The order of operation on the PCI-X bus is as follows:
64B data write --> 4B doorbell write --> interrupt.Upon receiving the interrupt, the device driver polls the location in memory where the 4B doorbell write is expected to show up. Once he sees the doorbell location written, he reads the 64B data location. PCI ordering should guarantee that the 64B data location is written to system memory before the 4B doorbell write is.
The above writes are performed as Memory Write Block transactions (we have also tried Memory Write transactions), the No Snoop bit is cleared, and the Relaxed Ordering bit is cleared.
We consistently encounter a situation where the device driver correctly receives the interrupt & single dword doorbell write, but the 64B write fails to appear in memory. Instead, the device driver reads a stale 64B block of data (data from the last successful DMA write).

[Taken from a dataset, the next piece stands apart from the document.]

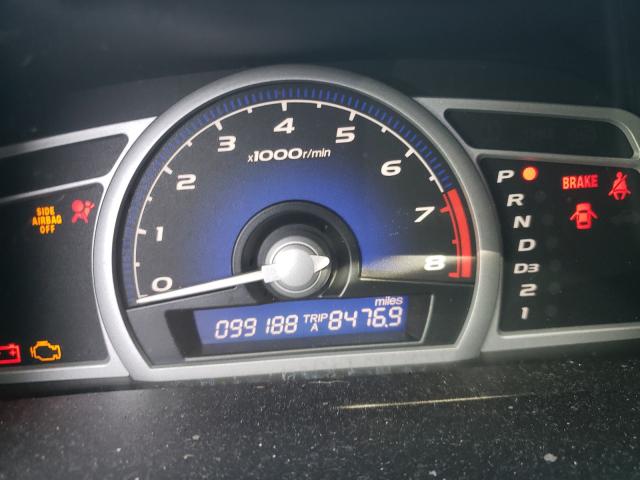 2010 HONDA CIVIC EX 2HGFG1B83AH502269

As a debug measure, we had the FPGA on our add-in card perform a readback (Memory Read Block) of the 64B entry immediately after writing it. We obeserved that the data read back was stale and matched the stale data that the device driver saw. Eg:
1) Location 0xABCDEF00 is known to contain stale 64B data 0xAAAA....AAAA. 1) FPGA does Memory Write Block 64B 0xBBBB....BBBB at address 0xABCDEF00. 2) FPGA does Memory Read Block 64B at address 0xABCDEF00 (Split esponse). 3) Split Completion is returned by bridge with data 0xAAAA....AAAA.This appears to be a violation of PCI ordering rules. Again, the No Snoop and Relaxed Order bits are cleared for all of these transactions.
The device driver *never* writes to the 64B location, so there should be no possibility of a collision occurring where he writes/flushes stale data that overwrites the incoming DMA write.
This tells me that the location is NOT getting written because, according to PCI ordering rules, the FPGA read *must* push the Memory Write Block into system memory before reading back the location.
We observe this behaviour in dual Xeon systems with both the Intel E7501 chipset and the Broadcom Serverworks GC-LE chipset.
We observe this in SMP and single processor configurations.
When bus traffic is light at 133MHz, or whenever the bus is running at 66MHz, we do *not* observe this problem. We occasionally observe the problem when the bus is running at 100MHz with heavy traffic. This suggests that we are hitting a narrow timing window at higher bus speeds.
We are suspicious that we might be encountering a cache errata in the Xeon, and are wondering if anyone can confirm this and possibly provide a workaround?
We've been banging our heads on this for a couple of weeks now.
Mark